**ASSIGNED TASK**
Take the entries that follow and write them out again, word for word.

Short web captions
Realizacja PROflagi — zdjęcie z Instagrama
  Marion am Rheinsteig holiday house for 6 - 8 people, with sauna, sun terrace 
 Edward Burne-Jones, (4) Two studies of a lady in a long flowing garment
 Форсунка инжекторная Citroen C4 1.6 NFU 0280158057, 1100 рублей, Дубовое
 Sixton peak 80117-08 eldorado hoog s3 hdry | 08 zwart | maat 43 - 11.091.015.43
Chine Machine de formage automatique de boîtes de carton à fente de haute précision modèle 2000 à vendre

**REPLY TO THE EXERCISE**
Realizacja PROflagi — zdjęcie z Instagrama
  Marion am Rheinsteig holiday house for 6 - 8 people, with sauna, sun terrace 
 Edward Burne-Jones, (4) Two studies of a lady in a long flowing garment
 Форсунка инжекторная Citroen C4 1.6 NFU 0280158057, 1100 рублей, Дубовое
 Sixton peak 80117-08 eldorado hoog s3 hdry | 08 zwart | maat 43 - 11.091.015.43
Chine Machine de formage automatique de boîtes de carton à fente de haute précision modèle 2000 à vendre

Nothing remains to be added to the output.